We are thus extremely limited in assessing macro trends in security breaches. We’re forced to use far more anecdotal information than a skeptic like myself is comfortable with. We don’t even have a standard for assessing breach costs (as I’ve proposed, never mind more accurate crime and investigative statistics that could help craft our prioritization of security defenses.

Seriously – decades into the practice of security we don’t have any fracking idea if forcing users to change passwords every 90 days provides more benefit than burden.

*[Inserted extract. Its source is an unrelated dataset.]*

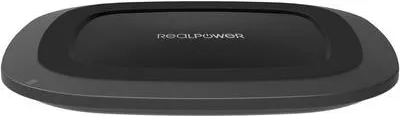 Realpower FreeCharge-10 Kabelloses Ladegerät - 10 Watt - Ladegeräte mit AC-Netzteil, schnelles kabelloses Laden für Smartphones und mehr, stilvolles schwarzes Design.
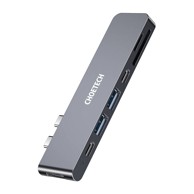 CHOETECH Docking Stanica HUB-M14 za Macbook Pro, 7-in-2 USB-C, Thunderbolt 3, siva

All that said, we can’t sit on our asses and wait for the data. As unscientific as it may be, we still need to decide which security controls to apply where and when.

In the past couple weeks we’ve seen enough information emerging that I believe we now have a good idea of two major methods of attack:

  1. As we discussed here on the blog, SQL injection via web applications is one of the top attack vectors identified in recent breaches. These attacks are not only against transaction processing systems, but are also used to gain a toehold on internal networks to execute more invasive attacks.
  2. Brian Krebs has identified another major attack vector, where malware is installed on insecure consumer and business PCs, then used to gather information to facilitate illicit account transfers. I’ve seen additional reports that suggest this is also a major form of attack.

I’d love to back these with better statistics, but until those are available we have to rely on a mix of public disclosure and anecdotal information. We hear rumors of other vectors, such as customized malware (to avoid AV filters) and the ever-present-and-all-powerful insider threat, but there isn’t enough to validate those as a major trend quite yet.

If we look across all our sources, we see a consistent picture emerging. The vast majority of cybercrime still seems to take advantage of known vulnerabilities that are can be addressed using common practices. The Verizon report certainly calls out unpatched systems, configuration errors, and default passwords as the most common breach sources.

While we can’t state with complete certainty that patching systems, blocking SQL injection, removing default passwords, and enforcing secure configurations will prevent most breaches, the information we have does indicate that’s a reasonable direction. Combine that with following the Data Breach Triangle by reducing use of sensitive data (and using something like DLP to find it), and tightening up egress filtering on transaction processing networks and other sensitive data locations, and you are probably in pretty good shape.

For financial institutions struggling with their clients being breached, they can add out-of-band transaction verification (phone calls or even automated text messages), and/or consider using something like Trusteer that helps secure browser sessions (note – I only mention specifically them because I don’t know of any competitor).

None of this necessarily correlates with other kinds of security incidents, but based on the various information sources we do have access to, it seems a reasonable understanding of current means and methods is emerging, and we know which security controls can mitigate those attacks. This is all based on an extremely small sample set, but unfortunately that’s all we have.

The bad guys will, of course, change attacks once the current batch becomes less profitable, but that’s the way the world works. There’s nothing we can possibly do that can eliminate every potential attack method.

It’s also possible all the public information and reports are steering us in the wrong direction, but we need to make the best decisions we can until new data emerges.

Hopefully this is helpful. I know my recommendations have started to change based on the information that’s come out in the past year.